Angeli del fango
I genovesi sono stati i primi a rimboccarsi le maniche per arginare l’inondazione che aveva invaso la loro città.
Mi sono accorto di loro nottetempo sentendoli replicare via radio a un cronista che li aveva scambiati per black block. Protestavano che loro erano normalissimi ragazzi genovesi, mobilitati dal tam tam delle notizie sull’alluvione che stava inondando la loro città. E tali apparivano veramente. Ragazzi di tutte le età e di tutte le estrazioni sociali, pieni soprattutto di buona volontà. Erano armati di attrezzi appropiati come badili e pale, o improbabili come aspiratori elettrici raccogli-tutto.

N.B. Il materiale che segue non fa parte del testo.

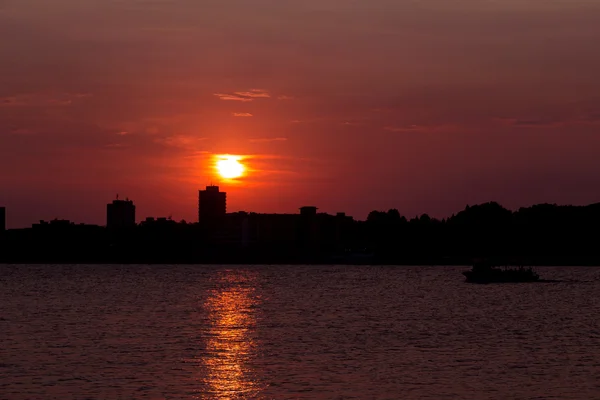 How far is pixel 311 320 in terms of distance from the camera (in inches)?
4636

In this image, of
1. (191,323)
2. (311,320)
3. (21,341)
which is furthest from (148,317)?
(21,341)

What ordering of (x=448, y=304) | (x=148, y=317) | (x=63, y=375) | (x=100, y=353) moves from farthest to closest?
(x=448, y=304), (x=148, y=317), (x=100, y=353), (x=63, y=375)

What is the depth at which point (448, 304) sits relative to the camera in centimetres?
15525

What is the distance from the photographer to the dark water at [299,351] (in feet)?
203

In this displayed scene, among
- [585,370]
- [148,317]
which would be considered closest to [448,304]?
[148,317]

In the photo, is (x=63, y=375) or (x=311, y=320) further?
(x=311, y=320)

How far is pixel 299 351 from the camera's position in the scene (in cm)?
8194

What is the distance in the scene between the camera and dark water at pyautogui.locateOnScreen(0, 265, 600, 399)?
2436 inches

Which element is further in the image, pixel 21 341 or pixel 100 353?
pixel 21 341

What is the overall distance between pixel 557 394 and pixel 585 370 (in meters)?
11.1

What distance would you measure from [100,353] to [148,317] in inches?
1625

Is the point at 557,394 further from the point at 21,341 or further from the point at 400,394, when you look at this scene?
the point at 21,341

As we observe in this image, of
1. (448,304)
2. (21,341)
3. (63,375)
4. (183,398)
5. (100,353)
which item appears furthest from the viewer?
(448,304)

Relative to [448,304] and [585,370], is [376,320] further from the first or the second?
[585,370] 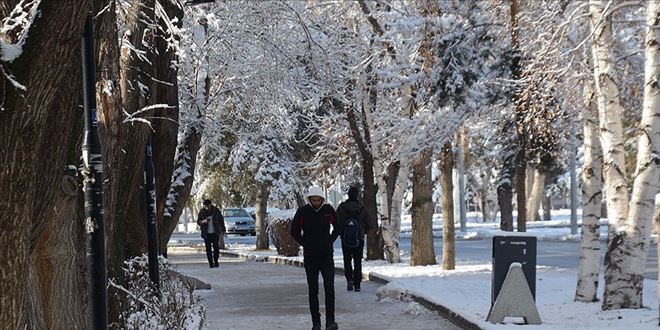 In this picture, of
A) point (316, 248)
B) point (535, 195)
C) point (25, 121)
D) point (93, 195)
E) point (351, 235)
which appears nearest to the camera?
point (25, 121)

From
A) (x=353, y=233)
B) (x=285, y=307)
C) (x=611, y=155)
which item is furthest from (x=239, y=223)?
(x=611, y=155)

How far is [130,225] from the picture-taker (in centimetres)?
1472

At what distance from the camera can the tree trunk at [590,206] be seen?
595 inches

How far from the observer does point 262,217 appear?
4031cm

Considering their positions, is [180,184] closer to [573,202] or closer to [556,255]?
[556,255]

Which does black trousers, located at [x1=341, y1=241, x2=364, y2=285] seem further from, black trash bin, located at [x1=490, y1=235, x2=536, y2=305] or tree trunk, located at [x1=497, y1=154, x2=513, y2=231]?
tree trunk, located at [x1=497, y1=154, x2=513, y2=231]

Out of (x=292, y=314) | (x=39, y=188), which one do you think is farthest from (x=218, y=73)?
(x=39, y=188)

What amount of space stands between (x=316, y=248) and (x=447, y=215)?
32.2ft

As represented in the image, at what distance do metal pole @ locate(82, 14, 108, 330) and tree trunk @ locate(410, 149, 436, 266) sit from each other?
1575 cm

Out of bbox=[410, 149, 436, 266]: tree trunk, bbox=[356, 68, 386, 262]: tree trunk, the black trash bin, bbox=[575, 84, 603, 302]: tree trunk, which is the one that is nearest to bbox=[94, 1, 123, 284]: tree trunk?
the black trash bin

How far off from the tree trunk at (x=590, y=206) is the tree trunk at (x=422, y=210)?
8385 mm

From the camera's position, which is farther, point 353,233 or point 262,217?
point 262,217

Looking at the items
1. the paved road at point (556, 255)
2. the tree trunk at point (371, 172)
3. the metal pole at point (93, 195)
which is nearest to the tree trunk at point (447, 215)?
the tree trunk at point (371, 172)

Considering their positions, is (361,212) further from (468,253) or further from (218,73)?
(468,253) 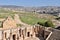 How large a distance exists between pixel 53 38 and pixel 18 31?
6156 mm

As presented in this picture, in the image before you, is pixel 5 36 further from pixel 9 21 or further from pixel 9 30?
pixel 9 21

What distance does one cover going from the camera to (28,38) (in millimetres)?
26812

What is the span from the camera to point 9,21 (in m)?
27.3

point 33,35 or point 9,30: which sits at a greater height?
point 9,30

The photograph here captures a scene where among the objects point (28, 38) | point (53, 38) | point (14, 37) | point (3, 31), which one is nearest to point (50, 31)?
point (53, 38)

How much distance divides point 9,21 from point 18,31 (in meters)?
2.62

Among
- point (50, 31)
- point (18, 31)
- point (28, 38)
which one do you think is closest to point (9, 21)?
point (18, 31)

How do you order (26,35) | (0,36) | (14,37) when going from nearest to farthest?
(0,36) < (14,37) < (26,35)

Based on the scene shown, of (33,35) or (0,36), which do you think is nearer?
(0,36)

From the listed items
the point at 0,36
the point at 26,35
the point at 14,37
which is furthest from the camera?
the point at 26,35

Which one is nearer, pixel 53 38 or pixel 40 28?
pixel 53 38

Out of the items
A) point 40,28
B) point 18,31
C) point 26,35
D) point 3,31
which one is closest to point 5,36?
point 3,31

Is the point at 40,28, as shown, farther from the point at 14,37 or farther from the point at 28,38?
the point at 14,37

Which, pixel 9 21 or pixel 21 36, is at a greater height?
pixel 9 21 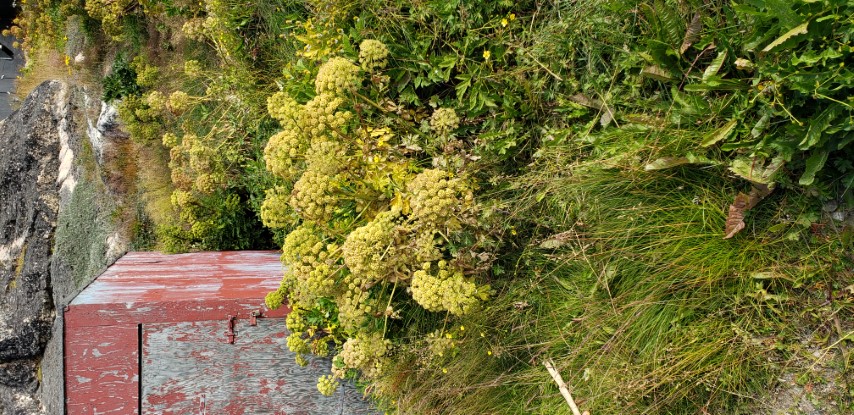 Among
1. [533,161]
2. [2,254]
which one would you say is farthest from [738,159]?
[2,254]

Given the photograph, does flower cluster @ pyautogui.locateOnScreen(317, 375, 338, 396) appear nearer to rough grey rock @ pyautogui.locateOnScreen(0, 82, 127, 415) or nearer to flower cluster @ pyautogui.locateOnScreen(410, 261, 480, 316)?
flower cluster @ pyautogui.locateOnScreen(410, 261, 480, 316)

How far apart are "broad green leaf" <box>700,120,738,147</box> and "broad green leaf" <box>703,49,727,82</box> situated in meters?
0.22

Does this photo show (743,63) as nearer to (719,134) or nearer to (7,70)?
(719,134)

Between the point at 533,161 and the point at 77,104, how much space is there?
7.02 m

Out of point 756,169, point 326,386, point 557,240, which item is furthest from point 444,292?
point 756,169

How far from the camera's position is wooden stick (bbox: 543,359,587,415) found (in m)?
3.04

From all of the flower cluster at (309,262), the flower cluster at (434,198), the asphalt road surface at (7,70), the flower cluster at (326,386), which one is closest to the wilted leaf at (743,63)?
the flower cluster at (434,198)

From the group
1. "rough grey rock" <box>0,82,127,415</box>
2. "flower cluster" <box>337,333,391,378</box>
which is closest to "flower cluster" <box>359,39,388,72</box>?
"flower cluster" <box>337,333,391,378</box>

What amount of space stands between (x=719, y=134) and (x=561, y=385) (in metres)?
1.43

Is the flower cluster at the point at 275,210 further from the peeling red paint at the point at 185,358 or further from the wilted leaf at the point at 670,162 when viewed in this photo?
the wilted leaf at the point at 670,162

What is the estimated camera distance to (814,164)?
2.42 metres

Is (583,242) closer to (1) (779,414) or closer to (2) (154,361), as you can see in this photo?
(1) (779,414)

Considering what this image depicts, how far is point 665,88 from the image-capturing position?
3.06 m

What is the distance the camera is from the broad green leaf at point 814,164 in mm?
2406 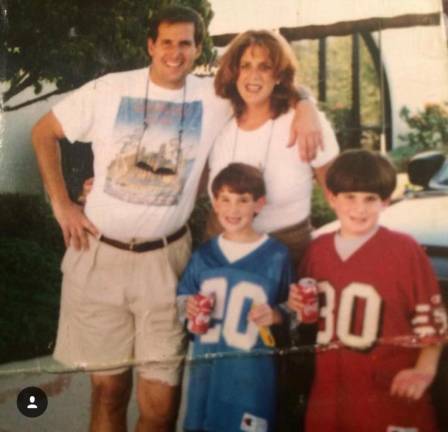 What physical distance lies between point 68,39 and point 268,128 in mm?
1087

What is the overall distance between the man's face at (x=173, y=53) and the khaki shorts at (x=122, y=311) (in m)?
0.77

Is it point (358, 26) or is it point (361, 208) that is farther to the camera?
point (358, 26)

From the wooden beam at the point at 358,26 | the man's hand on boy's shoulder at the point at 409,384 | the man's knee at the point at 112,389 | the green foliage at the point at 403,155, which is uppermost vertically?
the wooden beam at the point at 358,26

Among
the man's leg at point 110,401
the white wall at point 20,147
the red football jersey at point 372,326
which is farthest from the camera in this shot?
the man's leg at point 110,401

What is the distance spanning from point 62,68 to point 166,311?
130cm

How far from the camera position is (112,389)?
421 cm

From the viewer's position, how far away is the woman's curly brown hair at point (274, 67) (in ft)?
13.2

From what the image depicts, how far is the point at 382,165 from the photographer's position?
4.05m

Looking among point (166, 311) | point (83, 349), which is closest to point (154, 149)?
point (166, 311)

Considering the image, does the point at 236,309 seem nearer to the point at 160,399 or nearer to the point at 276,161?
the point at 160,399

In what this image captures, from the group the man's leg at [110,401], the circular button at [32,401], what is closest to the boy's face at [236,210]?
the man's leg at [110,401]

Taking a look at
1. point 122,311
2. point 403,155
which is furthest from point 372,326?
point 122,311

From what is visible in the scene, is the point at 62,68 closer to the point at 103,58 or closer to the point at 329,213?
the point at 103,58

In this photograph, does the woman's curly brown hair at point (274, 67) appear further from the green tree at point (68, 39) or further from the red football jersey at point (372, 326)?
the red football jersey at point (372, 326) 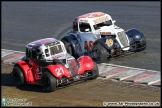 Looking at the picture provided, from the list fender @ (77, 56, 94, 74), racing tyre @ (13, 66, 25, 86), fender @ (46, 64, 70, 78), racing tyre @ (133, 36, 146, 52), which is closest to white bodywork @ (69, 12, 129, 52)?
racing tyre @ (133, 36, 146, 52)

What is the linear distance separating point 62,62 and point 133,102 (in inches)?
160

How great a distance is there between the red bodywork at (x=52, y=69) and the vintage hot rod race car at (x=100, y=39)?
2.66m

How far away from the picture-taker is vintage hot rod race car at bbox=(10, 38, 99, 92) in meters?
21.8

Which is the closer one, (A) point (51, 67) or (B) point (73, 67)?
(A) point (51, 67)

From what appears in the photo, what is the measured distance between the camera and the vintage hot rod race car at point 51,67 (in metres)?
21.8

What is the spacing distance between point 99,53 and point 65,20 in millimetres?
10402

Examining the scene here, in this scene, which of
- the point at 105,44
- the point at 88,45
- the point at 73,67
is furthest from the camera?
the point at 88,45

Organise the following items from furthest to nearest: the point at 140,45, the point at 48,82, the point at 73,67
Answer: the point at 140,45
the point at 73,67
the point at 48,82

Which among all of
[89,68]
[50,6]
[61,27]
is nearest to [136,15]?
[61,27]

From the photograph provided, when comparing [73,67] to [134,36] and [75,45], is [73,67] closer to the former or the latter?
[75,45]

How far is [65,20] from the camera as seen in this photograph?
116 ft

Si presentavano imbrattati di fango da capo a piedi come chi aveva lavorato di buona lena in quel pantano per ore. Erano gli “angeli del fango”, figli o nipoti forse di quegli stessi angeli che avevo visti all’opera a Firenze tanti anni prima, quando esondò l’Arno. Questi erano genovesi. Ma non era forse di Portoria il ragazzo genovese chiamato Balilla noto a noi dai banchi di scuola, per avere innescato la scintilla della rivolta popolare contro gli usurpatori della libertà? Nelle emergenze vere riaffiora il meglio della gente. Oggi come allora, come sempre, ci auguriamo.